START Data extracts

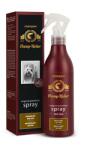 Champ-richer fésülő spray kutyáknak 250 ml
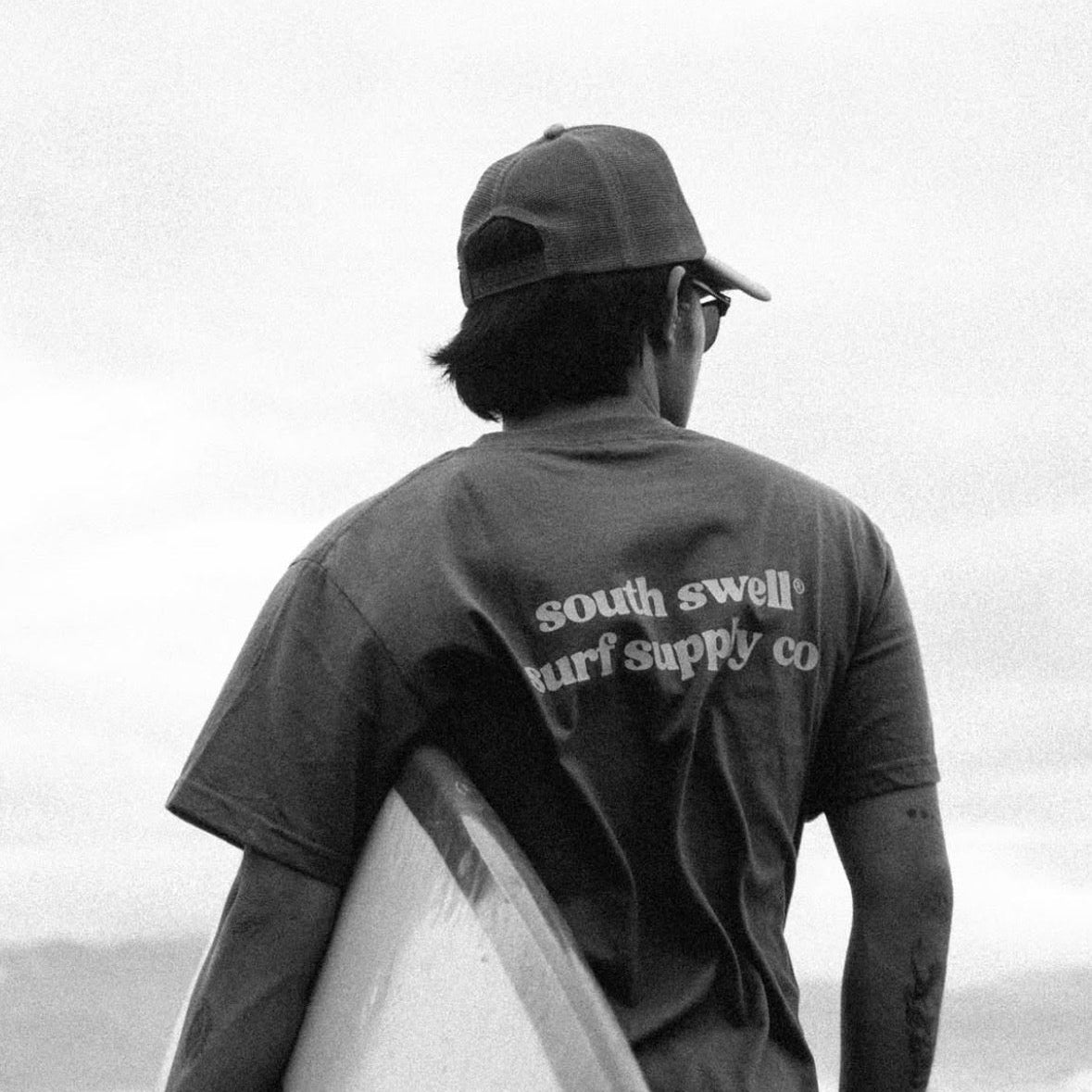 ZANDRO Lifestyle Tee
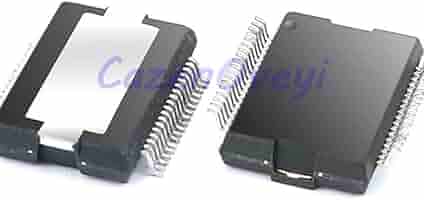 Texas Instruments TAS5630BPHDR　 5個　SET Texas Instruments TAS5630BPHDR 5個 SET AM5728 | Buy TI Parts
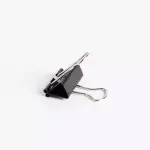 up&up 12-Count Medium Binder Clips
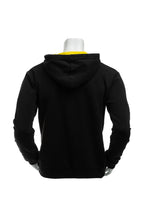 Load image into Gallery viewer, Vintage 90&#39;s Adidas Trefoil Hoodie Men&#39;s Small
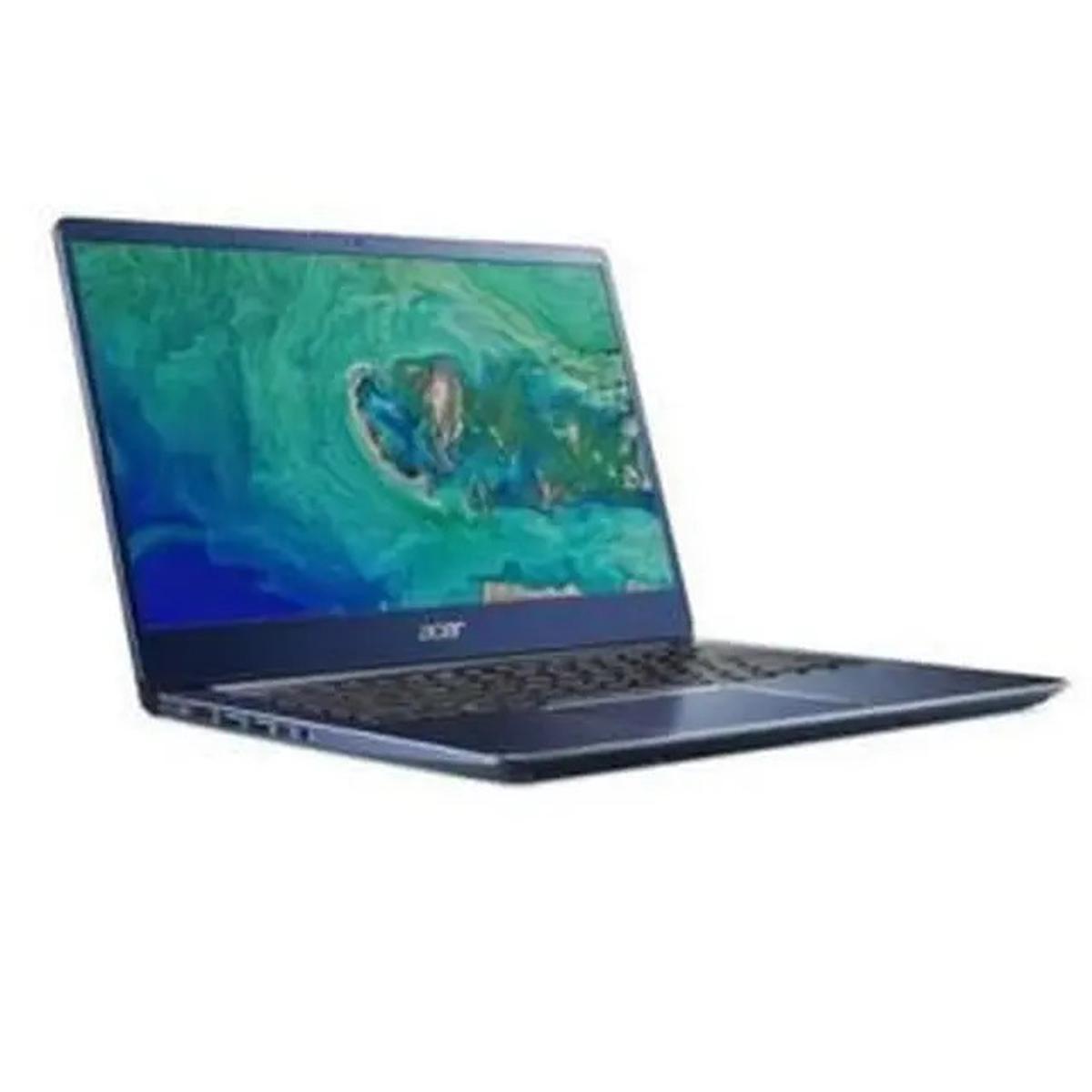 8 Rekomendasi Laptop Core i7 RAM 8GB Terbaik April 2025 untuk Semua Kebutuhan
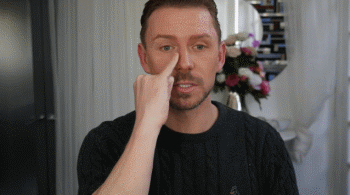 塌鼻子星人有救啦 安利7种鼻型的整容级修容法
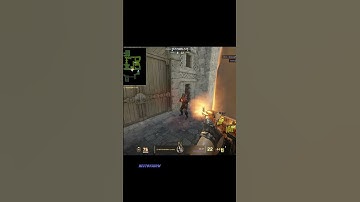 Highlight de_ancient PREMIER part4 #shorts #cshighlights #cs2 #de_ancient #awp #cs2clips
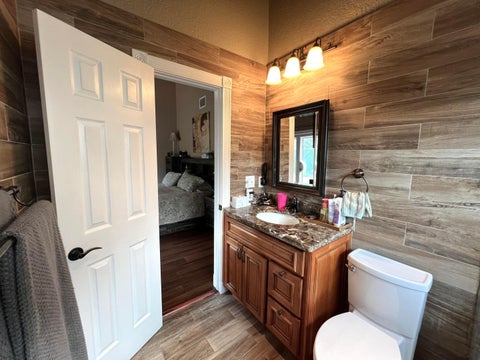 Tiny photo for 11459 Little Bear Drive, Boca Raton, FL 33428 (MLS # B26031672)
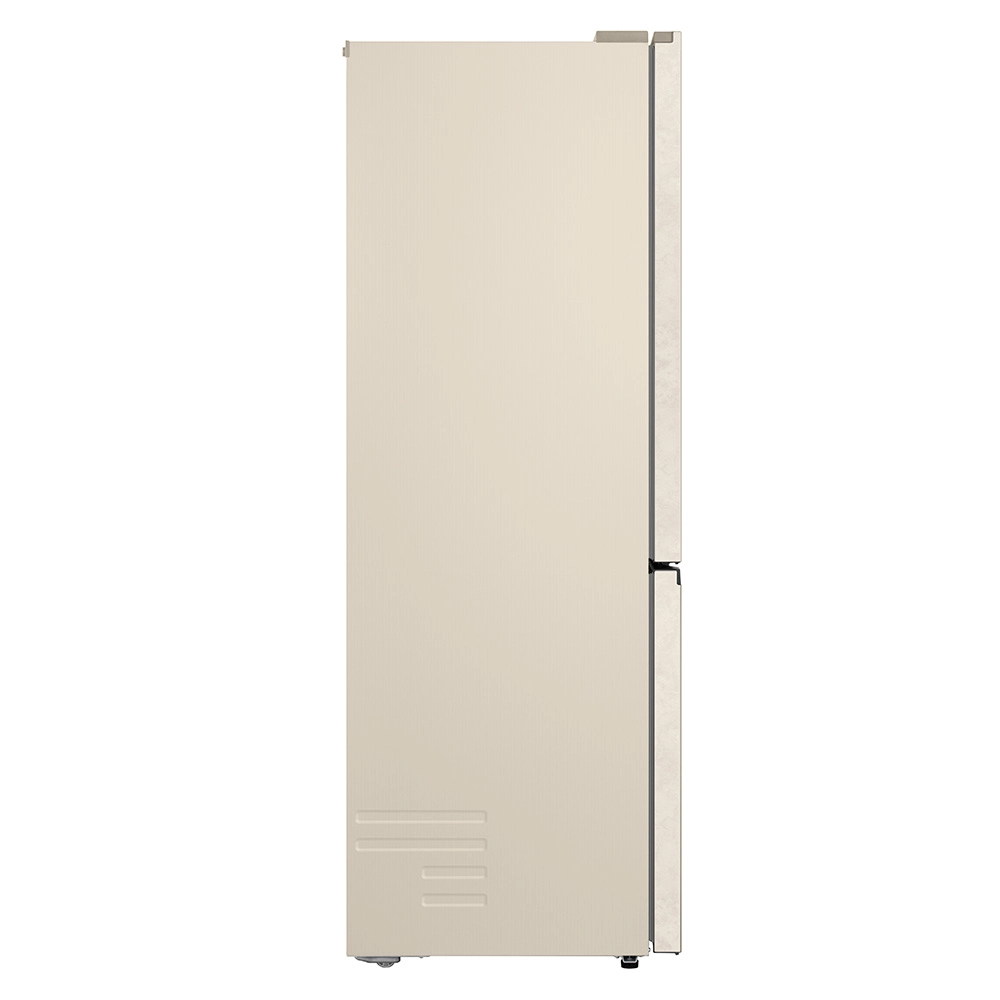 Холодильник LG GC-B459EELM - фото 15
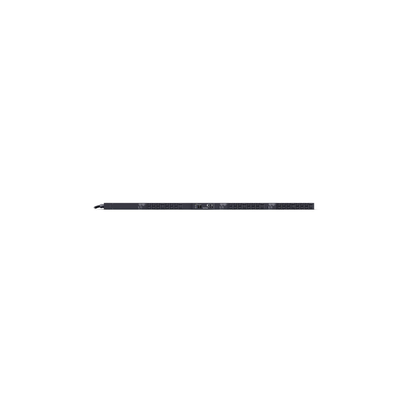 PDU33108 CyberPower 3-Phase Monitored PDU
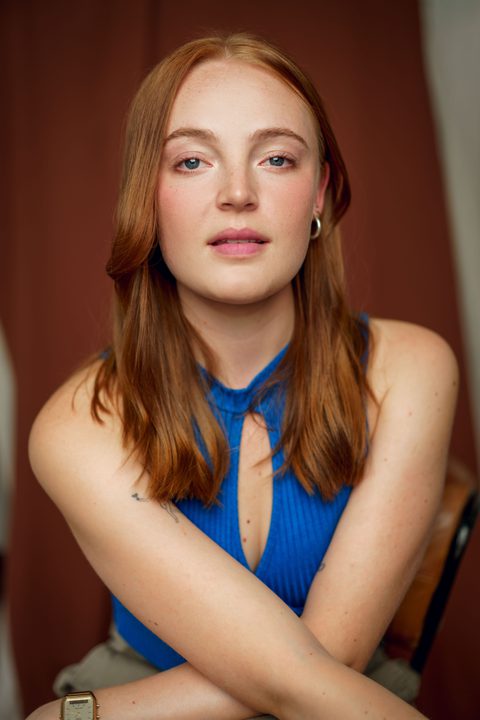 Lunar Jazz Duo Gecko Live Entertainment Solo Alice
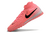 Chuteira Society Nike Phantom Luna Elite Rosa Cano Alto na internet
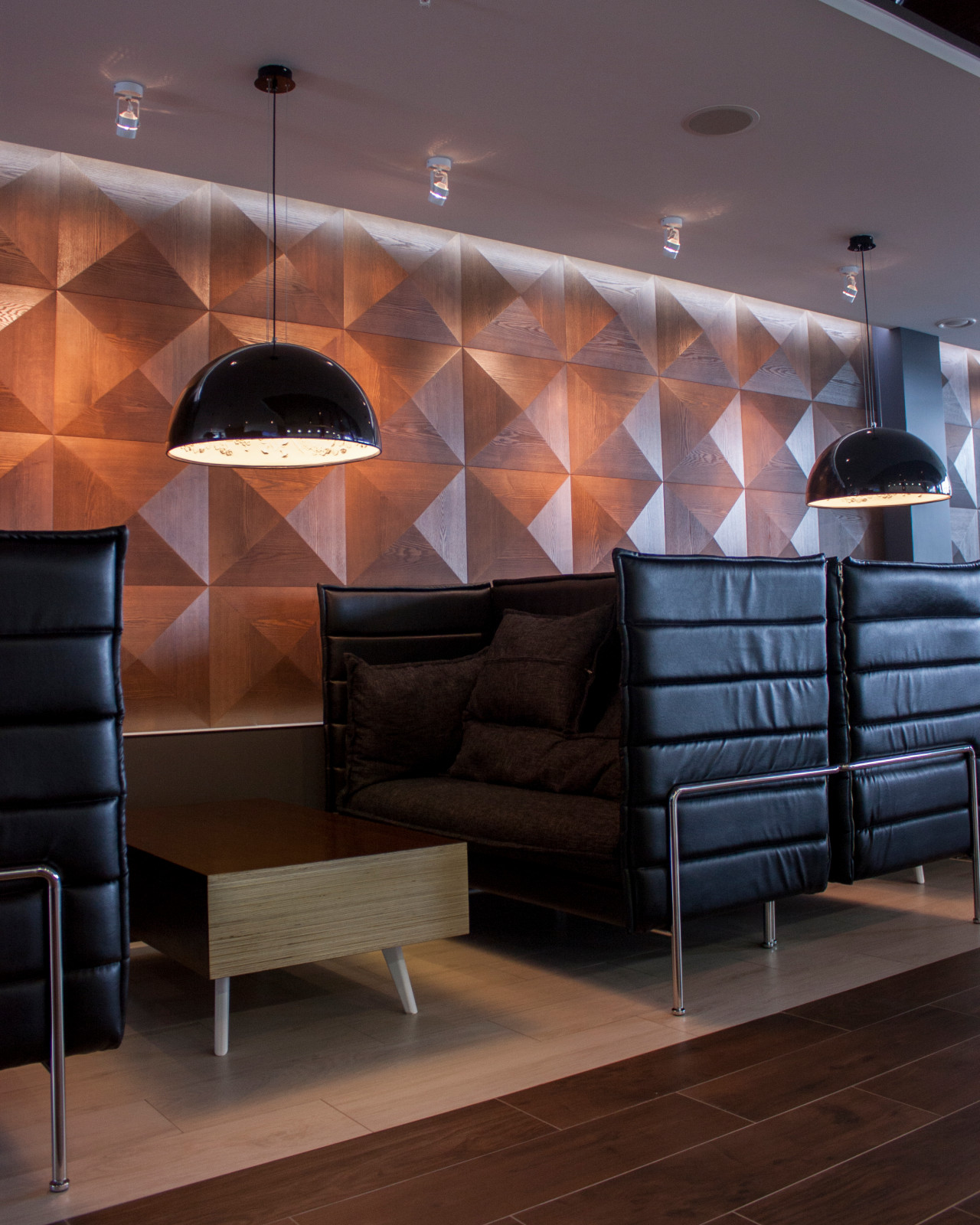 Дилерский центр Альтаир-Авто Mercedes Benz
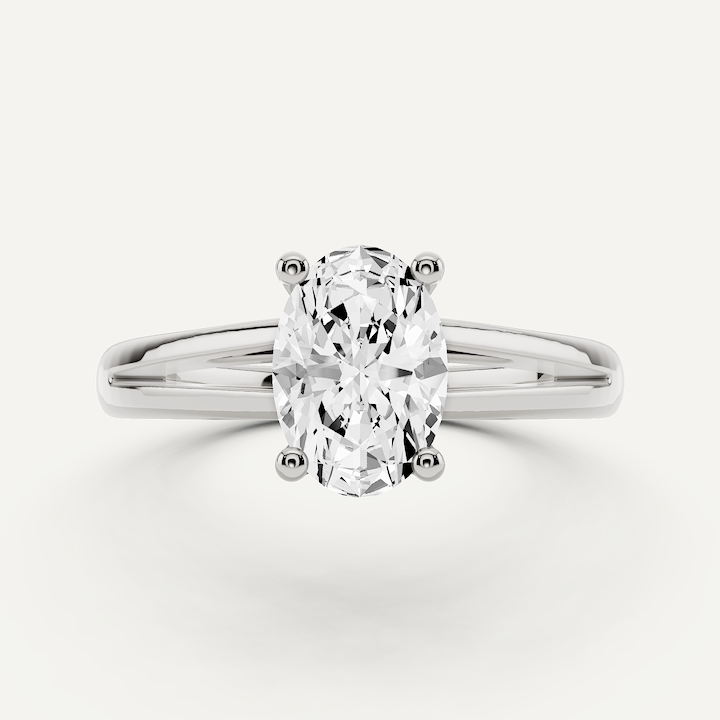 _main_image@SKU:R0464-NADO0100000PL #metal_platinum+origin_lab-grown+quality_ef-vs2+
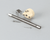 PITCO PARTS B7510104-C - SKU PTB7510104-C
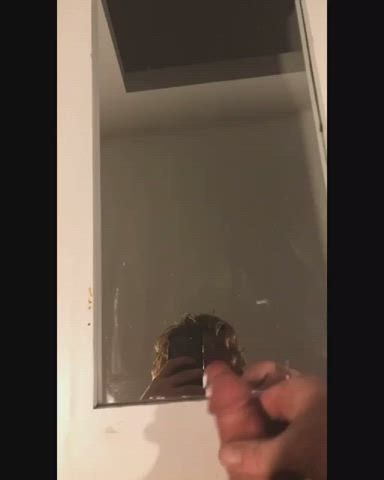 I have enough to breed you and your friends - free porn video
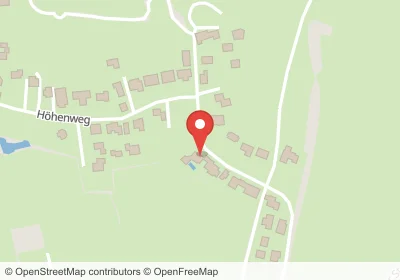 Höhenweg Berg – Hotels in der Nähe Hotels an der Höhenweg in Berg – Unterkünfte, Pensionen und Ferienwohnungen in zentraler Lage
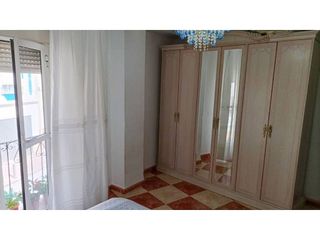 Casa en venta en Cabra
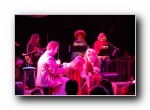 gal/Concert-26-01-08/Photos_By_Christa/_thb_cmm-lucyconsat-218.jpg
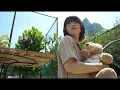 Download Lagu peanut butters - 「Normal Rock」 Music Video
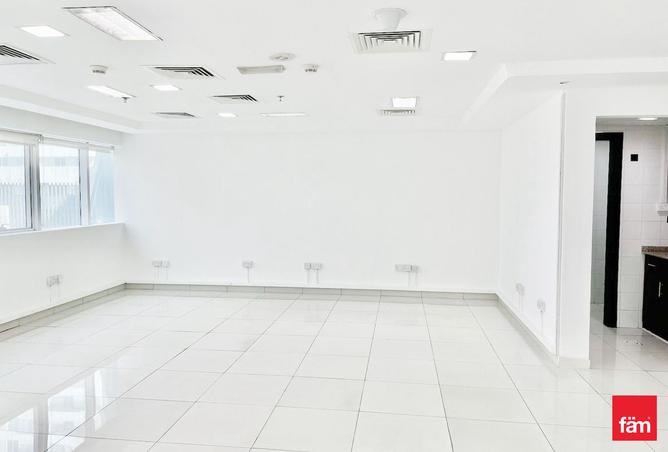 15454886 - Property Image 2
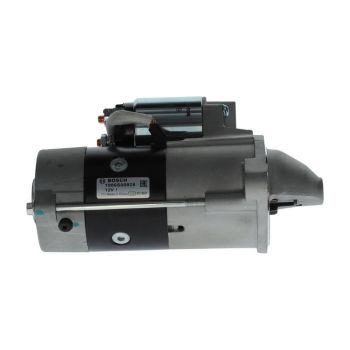 Bosch Starter Motor 1 986 S00 925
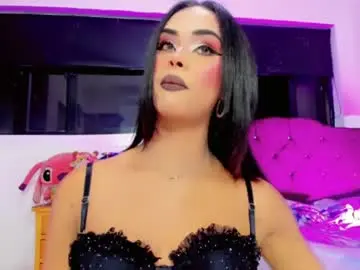 Chaturbate Private Sex Chat of riannagarcia_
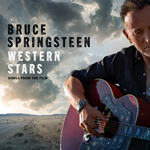 Western Stars – Songs from The Film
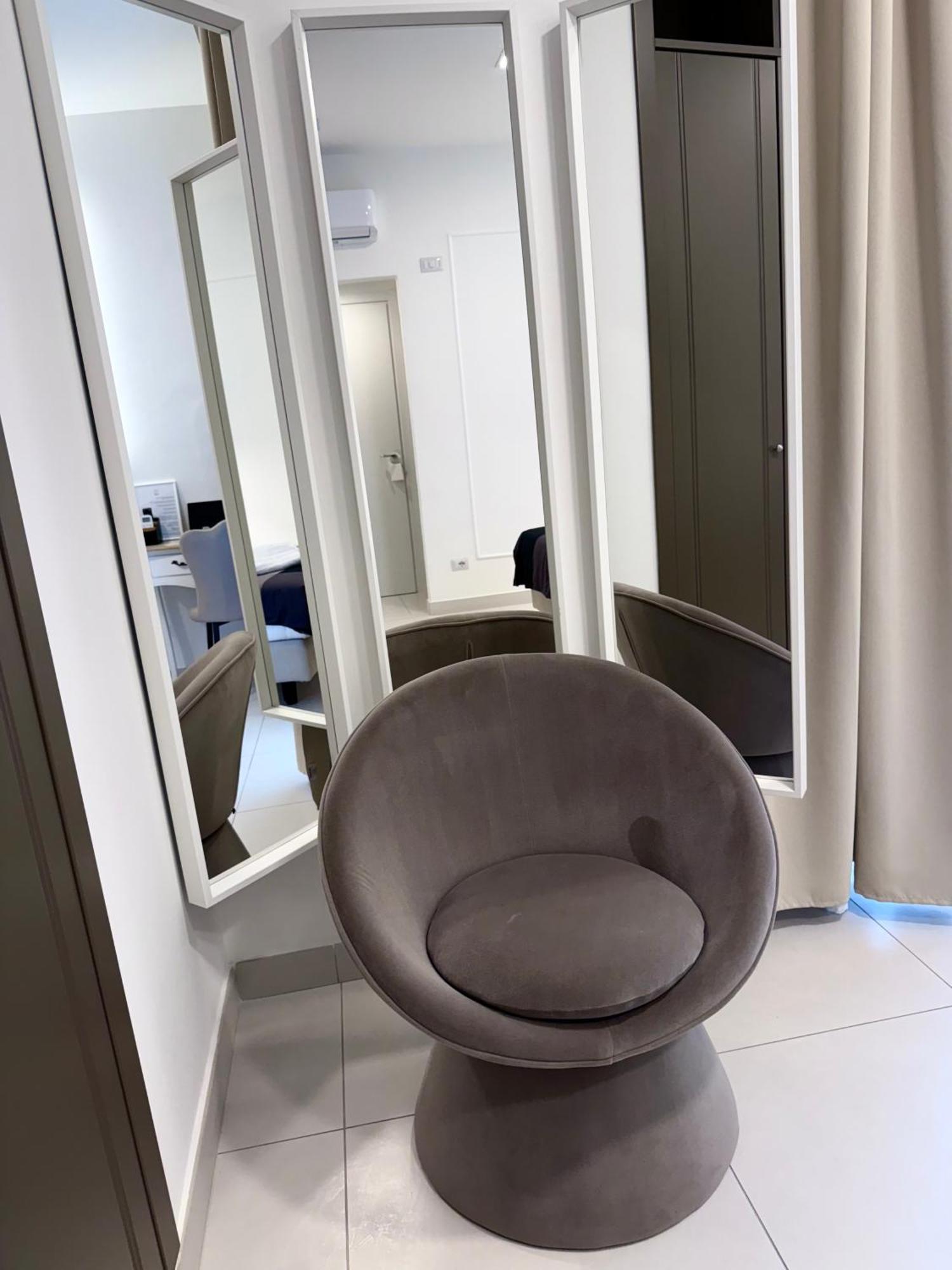 Ravello 23 Accommodation Экстерьер фото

END Data extracts

Directions
Transcribe all of the records above exactly; no image should appear in what you write.

Completed task
 Champ-richer fésülő spray kutyáknak 250 ml
 ZANDRO Lifestyle Tee
 Texas Instruments TAS5630BPHDR　 5個　SET Texas Instruments TAS5630BPHDR 5個 SET AM5728 | Buy TI Parts
 up&up 12-Count Medium Binder Clips
 Load image into Gallery viewer, Vintage 90&#39;s Adidas Trefoil Hoodie Men&#39;s Small
 8 Rekomendasi Laptop Core i7 RAM 8GB Terbaik April 2025 untuk Semua Kebutuhan
 塌鼻子星人有救啦 安利7种鼻型的整容级修容法
 Highlight de_ancient PREMIER part4 #shorts #cshighlights #cs2 #de_ancient #awp #cs2clips
 Tiny photo for 11459 Little Bear Drive, Boca Raton, FL 33428 (MLS # B26031672)
 Холодильник LG GC-B459EELM - фото 15
 PDU33108 CyberPower 3-Phase Monitored PDU
 Lunar Jazz Duo Gecko Live Entertainment Solo Alice
 Chuteira Society Nike Phantom Luna Elite Rosa Cano Alto na internet
 Дилерский центр Альтаир-Авто Mercedes Benz
 _main_image@SKU:R0464-NADO0100000PL #metal_platinum+origin_lab-grown+quality_ef-vs2+
 PITCO PARTS B7510104-C - SKU PTB7510104-C
 I have enough to breed you and your friends - free porn video
 Höhenweg Berg – Hotels in der Nähe Hotels an der Höhenweg in Berg – Unterkünfte, Pensionen und Ferienwohnungen in zentraler Lage
 Casa en venta en Cabra
 gal/Concert-26-01-08/Photos_By_Christa/_thb_cmm-lucyconsat-218.jpg
 Download Lagu peanut butters - 「Normal Rock」 Music Video
 15454886 - Property Image 2
 Bosch Starter Motor 1 986 S00 925
 Chaturbate Private Sex Chat of riannagarcia_
 Western Stars – Songs from The Film
 Ravello 23 Accommodation Экстерьер фото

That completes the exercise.